> [Task requirements]
Within the records that follow, restate exactly the lines from the line with "If you are new" down to the line with "If you are one", including both. Omit the pictures.

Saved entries
┌────────
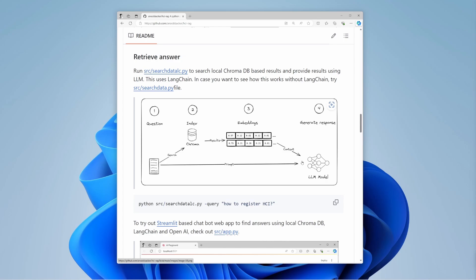You only need two files to try this out. The entire source code and instructions are available on GitHub. Thanks for watching.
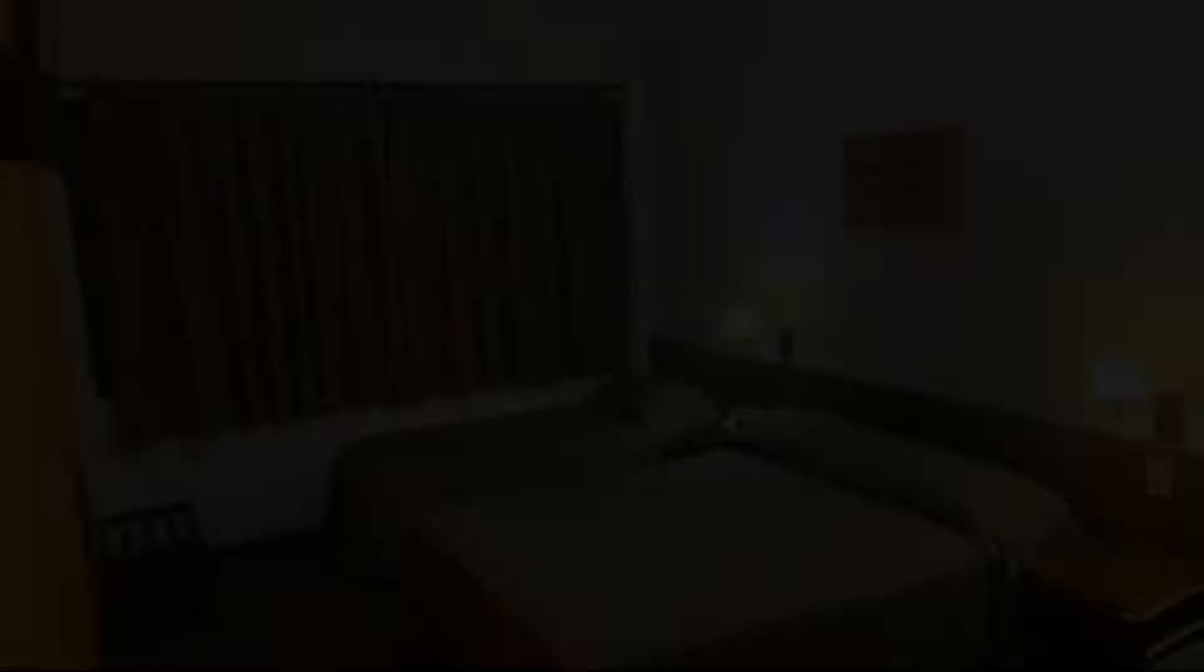If you are new on this channel or you have not subscribed our channel yet, then you must subscribe our channel and press the bell icon so that you do not miss any video.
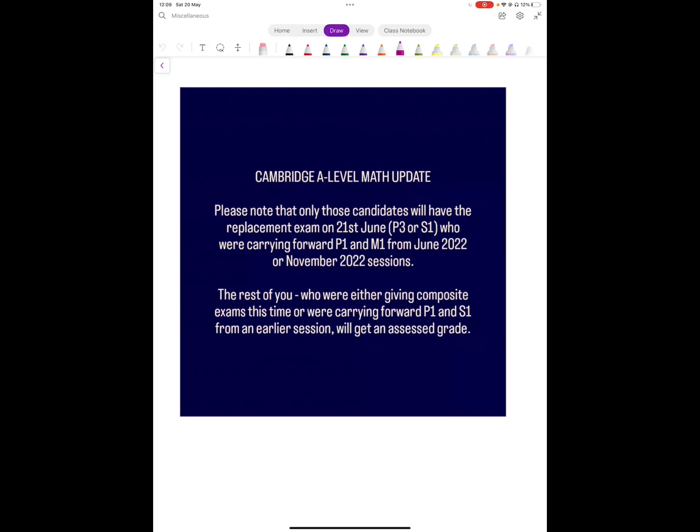If you are one of those candidates who is appearing for the replacement exams, you'll find a lot of helpful content on my YouTube channel. You'll find all the Paper 3 and S1 topics covered in detail, along with a lot of topical past paper practice. You'll also find quick revision videos on most topics and yearly solved past papers as well. I hope that should be helpful. I'll see you in another video.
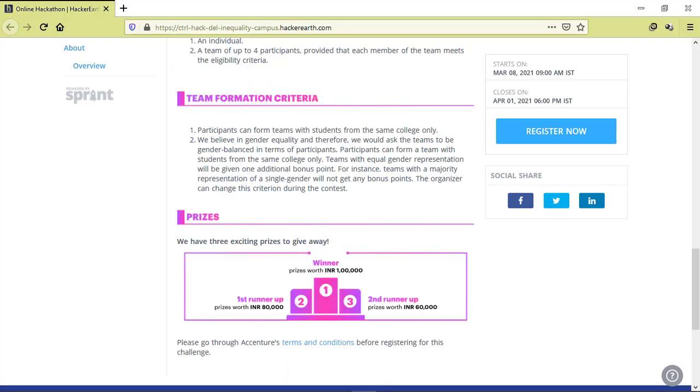If we talk about the prizes, then the winner will get a cash prize of 100,000 Indian rupees, second runner-up will get 60,000 Indian rupees, and the first runner-up will get 80,000 Indian rupees cash prize.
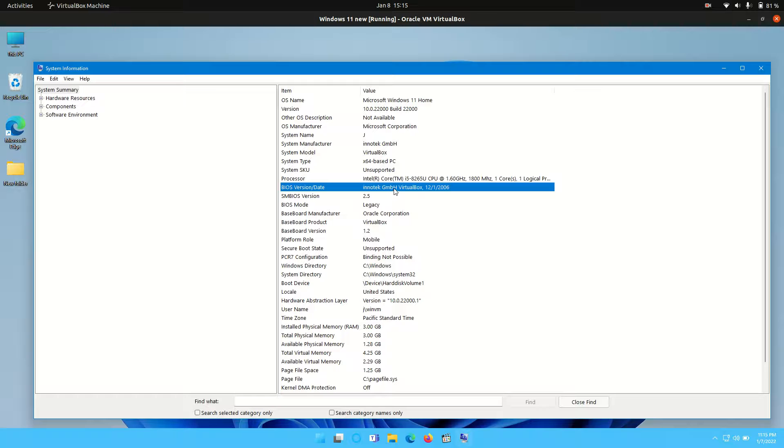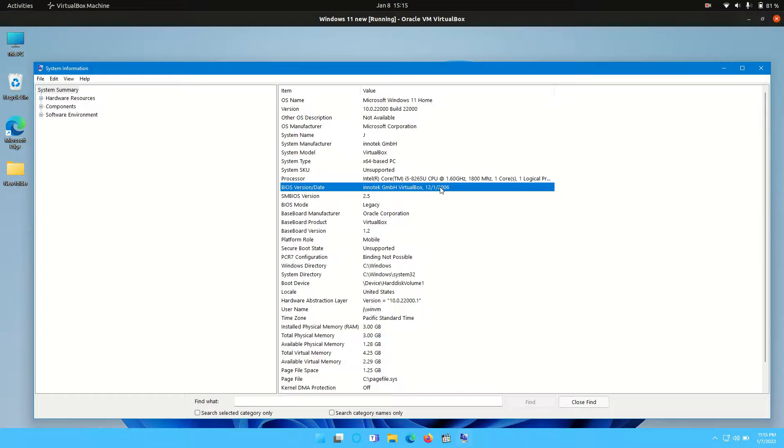bit more specific than mine because mine's running on a virtual machine, but you will find the BIOS version and date there as well. So mine's a bit of a generic VirtualBox one,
└────────
> [Your response]
If you are new on this channel or you have not subscribed our channel yet, then you must subscribe our channel and press the bell icon so that you do not miss any video.
If you are one of those candidates who is appearing for the replacement exams, you'll find a lot of helpful content on my YouTube channel. You'll find all the Paper 3 and S1 topics covered in detail, along with a lot of topical past paper practice. You'll also find quick revision videos on most topics and yearly solved past papers as well. I hope that should be helpful. I'll see you in another video.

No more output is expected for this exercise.